Le 13 septembre 2024, la Direction de l’administration pénitentiaire (DAP), sous la signature du magistrat hors hiérarchie, par ailleurs directeur de cette institution, Célestin Douheuly Kamindaté, publie un communiqué controversé. Celui-ci s’attaque aux chiffres avancés par le Conseil National des Droits de l’Homme (CNDH) dans son rapport de juin 2024 sur l’évaluation de la situation des détenus en attente de jugement. La DAP remet en cause les conclusions du CNDH, et tente de minimiser la réalité des conditions carcérales en Côte d’Ivoire.
Pourtant, en vertu de la loi n° 2018-900 du 30 novembre 2018, le CNDH dispose du droit d’effectuer des visites inopinées dans les 35 pôles pénitentiaires du pays. De plus, ces visites s’effectuent en collaboration avec les autorités pénitentiaires sur instruction la Direction de l’administration pénitentiaire. Un directeur de pôle pénitentiaire confirme, sous couvert d’anonymat, la coopération étroite entre les enquêteurs du CNDH et les directeurs de prison : « Nous renseignons des formulaires que nous remettent les enquêteurs du CNDH. Ce n’est pas un travail isolé, j’ai été surpris par le communiqué de la DAP. »
‘’La démarche de la DAP, loin d’apporter des solutions aux problèmes carcéraux, semble plutôt chercher à camoufler la réalité.’’
Malgré ce témoignage accablant, la DAP persiste à discréditer les chiffres du CNDH. En effet, le nombre de détenus en attente de jugement serait de 9 870, un chiffre nettement inférieur aux 12 056 recensés par le CNDH au 12 juin 2024, soit 51,27 % de la population carcérale totale. L’étude du CNDH inclut les détenus en attente d’un premier jugement, ceux ayant fait appel, ainsi que ceux en pourvoi en cassation.

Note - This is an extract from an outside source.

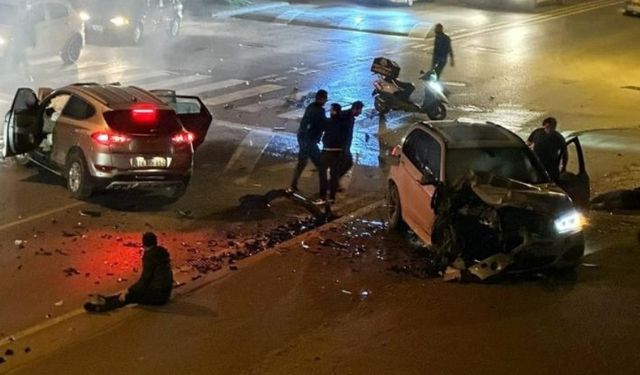 Sakarya’da korkutan kaza: Kafa kafaya çarpışan SUV araç alev aldı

En accusant le CNDH de diffuser des chiffres inexacts, la DAP semble jouer sur un discours trompeur. Le CNDH, tout comme les ONG qui travaillent sur ces sujets, reconnaissent une marge d’erreur possible dans ses données, mais affirment que celle-ci est bien inférieure à la différence avancée par la DAP. Si les chiffres de la DAP sont exacts, cela supposerait une grave discordance entre les données des établissements pénitentiaires et la réalité.

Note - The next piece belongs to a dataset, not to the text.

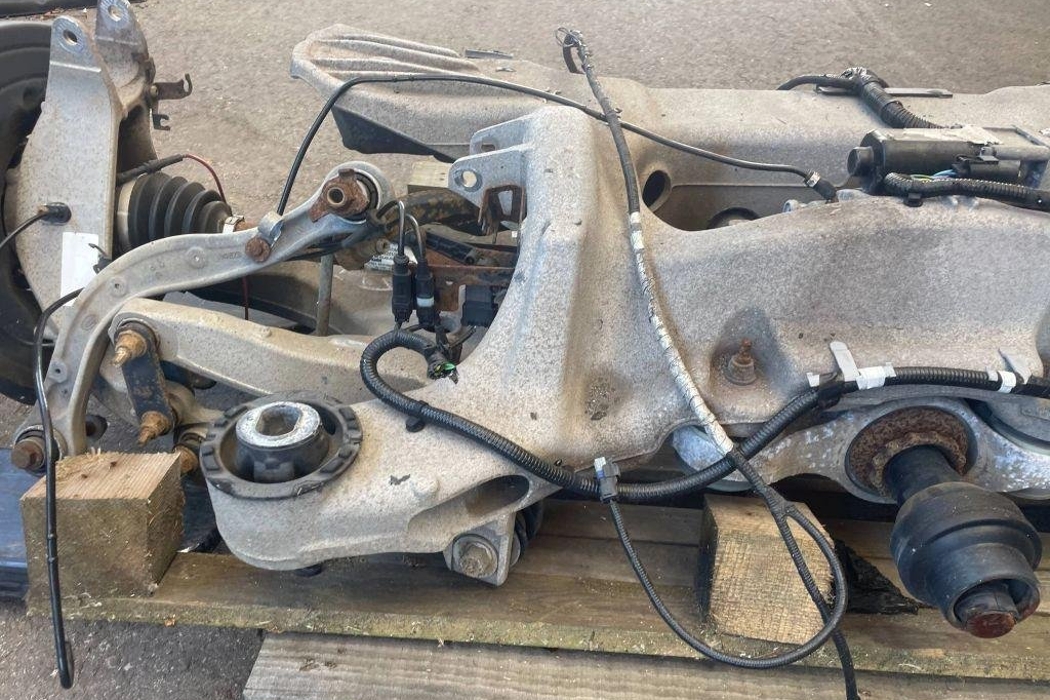 LAND ROVER Range Rover 4 generation (2012-2022) Rear Axle 32197508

Le CNDH ne s’immisce pas dans les procédures judiciaires pour manipuler les registres des cabinets d’instruction ou des prisons. La véritable problématique reste la coordination entre les différents acteurs et l’insuffisance des magistrats. Conséquence : augmentation du nombre de détenus en attente de jugement.
‘’Des sources pénitentiaires révèlent une situation plus préoccupante encore : l’absence d’audiences criminelles depuis plus d’un an.’’

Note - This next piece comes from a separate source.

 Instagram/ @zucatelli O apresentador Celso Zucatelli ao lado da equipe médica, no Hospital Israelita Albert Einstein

Le communiqué de la DAP ignore également les tendances historiques. Selon l’« Annuaire des statistiques judiciaires et pénitentiaires de l’année judiciaire 2021-2022 », le nombre de détenus préventifs a augmenté régulièrement, passant de 5 469 en 2017 à 8 191 en 2022. Les enquêtes du CNDH pour 2023 et le début de 2024 ont respectivement révélé 8 953 et 9 127 prévenus. À ce jour, ces chiffres n’avaient jamais été contestés par le ministère ivoirien de la Justice.
Des sources pénitentiaires révèlent une situation plus préoccupante encore : l’absence d’audiences criminelles depuis plus d’un an. Cela prolonge l’incarcération de nombreux détenus pour faits criminels, en violation des Règles Nelson Mandela.
Ainsi, la démarche de la DAP, loin d’apporter des solutions aux problèmes carcéraux, semble plutôt chercher à camoufler la réalité. Or, la mission du CNDH est de mettre en lumière les conditions de détention afin d’inviter le ministère à collaborer pour trouver des solutions. Le communiqué de la DAP apparaît dès lors comme une tentative de diversion, masquant une réalité préoccupante : la situation alarmante des détenus en attente de jugement en Côte d’Ivoire.
Il est impératif de mettre fin à ces manipulations et de prendre des mesures concrètes pour améliorer les conditions carcérales, au lieu de se perdre dans des polémiques et des communications inappropriées.